1 Construct Definition

Constructs are the means by which science orders observations. We take it on faith that the universe of our observations can be ordered and subsequently understood with a comparatively small number of constructs or inferred organizing influences. Observations are aggregated and constructs created through the mental process of abstraction and induction. When we observe a group of children and describe some of the children as more aggressive than others, we employ a construct. We create the construct “aggression” by observing that certain behaviors tend to vary together and this pattern of covariation among observations we come to designate as aggression. In describing the differences in behavior among children, we might conclude that one child is much more aggressive than other children. We arrive at this conclusion informally by summing up the frequency of observed aggressive acts and we use the total score as an index of each child’s level of aggression. These total scores are then compared and we arrive at decisions about each child.

This process of weighting individual observations, aggregating the observations into a total score and then checking the quality of the construct score by determining how well the total score can predict the original observations happens so fast and so frequently and works so well in our everyday lives, that there is seldom need to reflect critically on the process itself. The search for pattern or regularity among observations is, it seems, just as central to our daily lives as it is to scientific activity. Perhaps because the process of observation, abstraction and construct formation is so fundamental to daily functioning, it is taken for granted in behavioral science research. Often observations in the form of questionnaire items and test questions are aggregated without adequately examining the assumptions and implications inherent in the summation and averaging procedures. The simple fact that observations are combined and a total score computed means that we entertain a hypothesis that the observations are in some way related to one another. If the observations are uncorrelated, then combining them into a total score is a meaningless undertaking, since the total or construct score will carry no information about the original observations and consequently will be of no value in explaining anything else. If, however, the observations are correlated, then the construct score has meaning. Precisely what meaning depends upon the perceived nature of the organizing influences responsible for the correlations among observations.
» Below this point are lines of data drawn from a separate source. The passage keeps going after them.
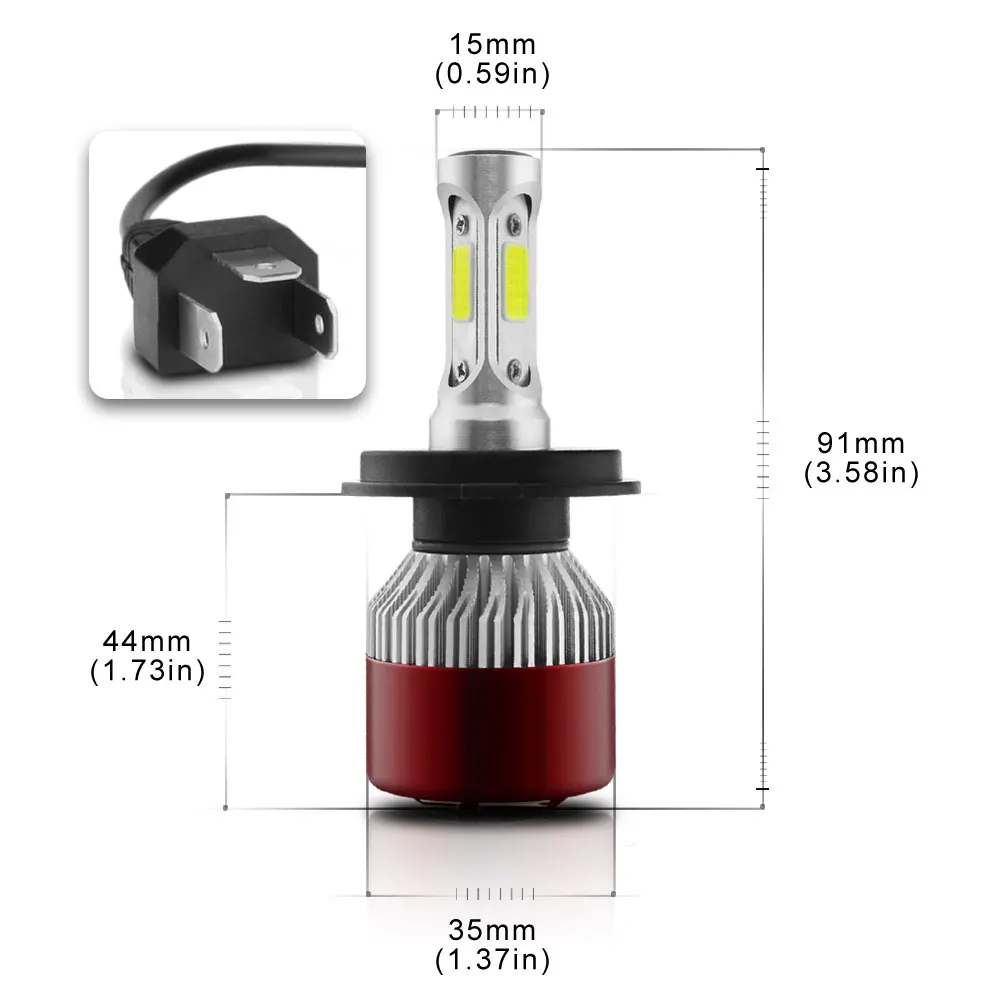 Автомобильная светодиодная фара T8R H4 144W 14400LM COB светодиодные чипы|Передние LED-фары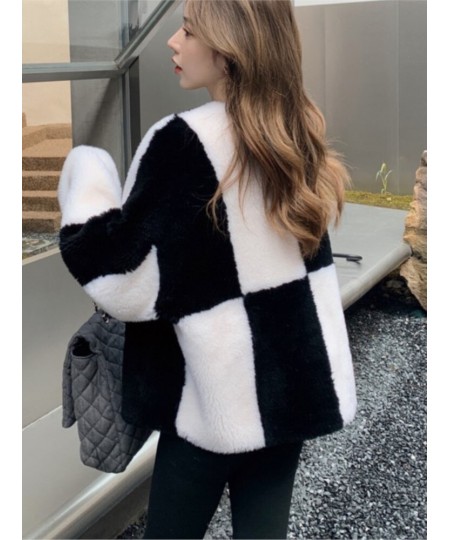 Autumn Winter New 2022 Checkerboard Wool Grain Fleece Lamb Fur Coat Women Sheep Sheared Faux Fur Coat $95.38 - Jackets & Coats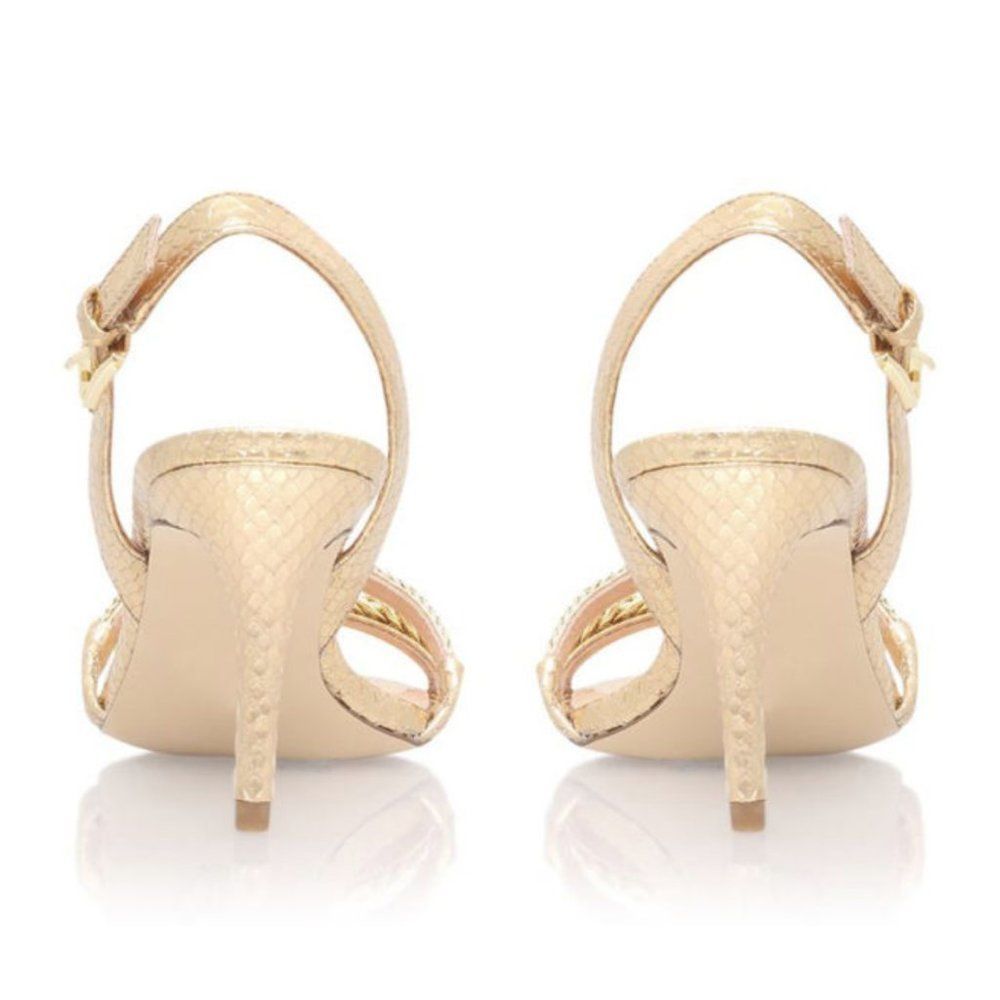 Michael Kors Jackie Mid-heel Dress Sandals In Pale Gold - Picture 4 of 4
A construct then is a theory which expresses how its inventor “construes” a set of interrelated observations. Construct labels (e.g., career maturity, occupational information, career decision making) serve as shorthand expressions for hypotheses regarding the nature of the predominant organizing influences responsible for correlations among observations.

What constitutes an observation? In career education measurement the most common “observation” would be a person’s response to a test or rating item. Such observations provide information about a person's placement on a scale and serves as an indicant of the extent to which the subject possesses the attribute or trait being measured. A set of such indicants (items) comprises an instrument. The underlying structure or organizing influence operating on these observations is often determined by some combination of statistical structural analysis, e.g., factor analysis, and a logical analysis of the item content. Corroboration of the underlying structure is then frequently sought by confirmation via hypothesis testing and correlations with other instruments measuring conceptually similar and dissimilar constructs.
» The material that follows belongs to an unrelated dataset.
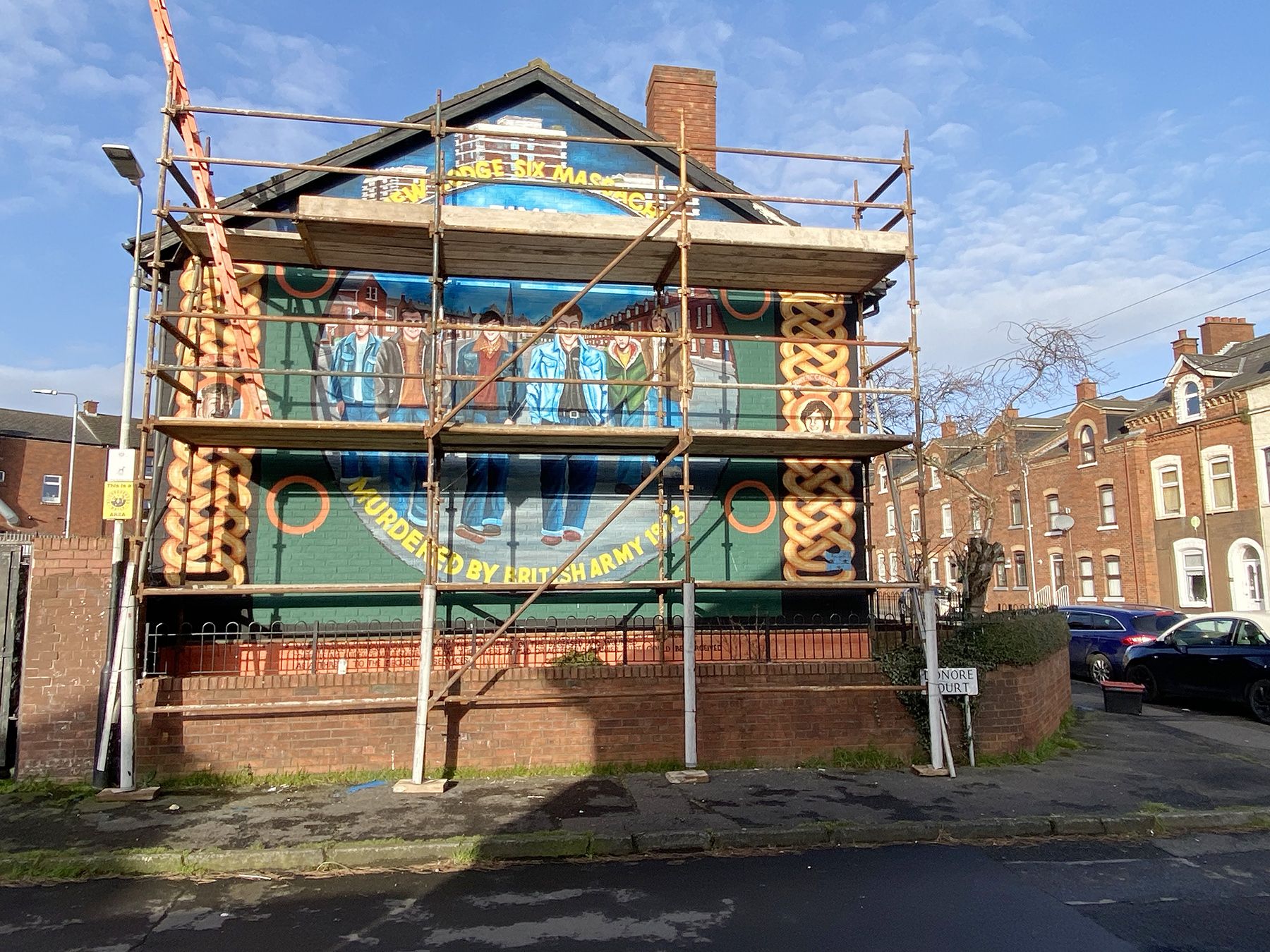 MURAL: The New Lodge Six mural has been redesigned ahead of Friday's commemoration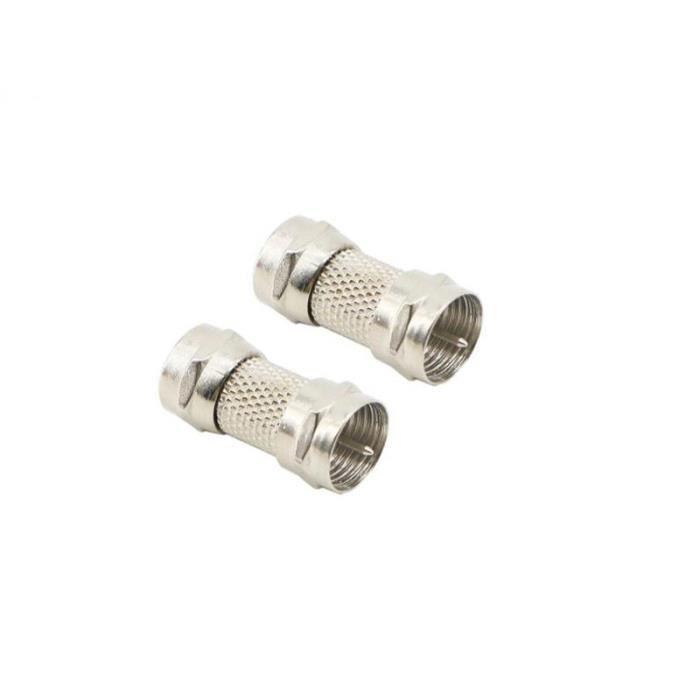 Adaptateur F Mâle Vers F Femelle Angle Droit 90° - Pour Câble TV, Antenne - Longueur 1 Cm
All observation whether made in service of the behavioral or physical sciences, is prone to error. Error is given more attention in behavioral sciences measurement probably because it exists in such abundance. Because of its abundance the process of construct definition must incorporate a theory of error. Various approaches to estimating the reliability of a measurement procedure rest on different assumptions about error and how it affects the observations we make.

Classical reliability theory is based on Spearman’s model of an observed score (e.g., observation). Basically, an observed score is a function of two components, a true score and an error score. Within this framework, models of reliability have been formulated to assess the relative importance of each component. Campbell (1976) gives an excellent review of the historical development of reliability theory. All traditional measures of reliability (alpha, equivalent forms, retest) describe the agreement among repeated measurements of the same individuals. Although these reliability measures differ in their definition of error, they all assume a single undifferentiated source of error. Coefficient alpha attributes error to inconsistency in the extent to which individual items measure an attribute. Measures of stability such as test-retest or equivalent forms reliability coefficients, attribute error to changes in testing conditions, mood of examinee, etc.
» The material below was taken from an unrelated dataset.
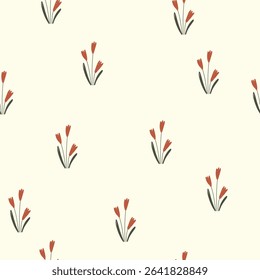 Seamless floral pattern with red flowers. Red tulips on white background, vector illustration.	
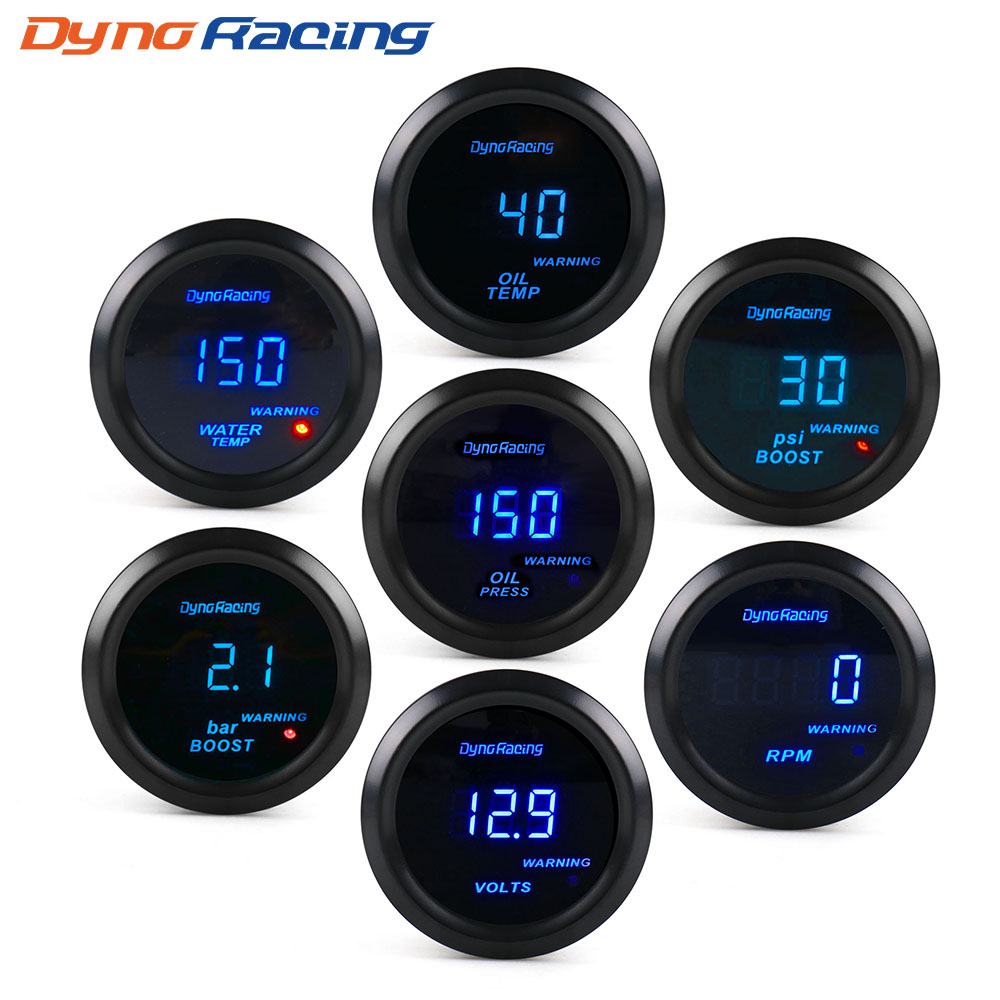 Dynoracing 2&quot; 52mm Car Digital Turbo Boost Gauge PSI BAR Water Temp Oil Temp Oil Pressure Gauge Voltmeter Tachometer Rpm gauge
In recent times authors such as Tryon (1957), Cronbach et al. (1963), Nunally (1967), and Lord and Novick (1968) have departed from the classic concept of true vs. error scores and have instead incorporated what has become to be known as the domain sampling theory of reliability. The notion of a true score was replaced by a “domain” or “universe” score which is an individual’s score if all observations in a domain or universe could be averaged. Measurement error in this framework is the extent to which a sample value differs from the population value.

This change in focus from a “true score” to “universe score” resulted in increased importance being placed on defining the “universe” from which a particular sample of items has been drawn and to which we want to generalize. Initially the concept of universe was restricted to thinking in terms of a universe of content, e.g., sampling of reading comprehension items from a universe of possible reading comprehension items. However, the work of Cronbach, et al. has broadened this original conceptualization. His work, referred to as generalizability theory, speaks to sampling of “conditions of measurement” which include additional sources of variation to that of just variation among samples of items, or components of content. This broadened conceptualization can be viewed as a change from a focus on the reliability of an instrument to a focus on the reliability of a measurement procedure.

For example, suppose the career maturity of a group of students is rated on a number of items by a number of different teachers on several different occasions. The traditional view of a content domain would focus on the items as a sample from the universe of all such similar items. However, Cronbach’s generalizability theory forces us to acknowledge that there are probably systematic differences in item scores across occasions which do not reflect true change in level of career maturity; and to recognize that there are systematic differences among students that are reflected in observed scores which are not necessarily due to difference in career maturity, e.g., socioeconomic status. Thus, from this perspective we are not only concerned with the universe of possible career maturity items, but, in addition, we need to think in terms of a universe of possible teachers and a universe of possible occasions, and a universe of possible respondents. Actually, Cronbach does not talk in terms of different universes; but rather, each of the above would be considered a “facet” in the universe of measurement conditions. The more facets one chooses to include in defining a construct, the broader the universe of generalization. Cronbach also refers to facets as either “random” or “fixed.” A fixed facet would be one that would not vary, i.e., would be a constant in the universe. For example, if raters were considered to be a fixed facet in a measurement procedure, the investigator would be planning to always use the same rater(s) whenever a measurement was taken. Given this condition, there would be no systematic differences in observed scores due to idiosyncratic differences in rating behavior among raters. However, if raters were considered to be a “random” facet, the investigator would be broadening the construct definition of career maturity such that a person’s “universe score” would be an average score across the universe of career maturity items judged across all possible raters. In the “fixed” case, the “universe score” would be an average score across the universe of items as judged by a particular rater or set or raters.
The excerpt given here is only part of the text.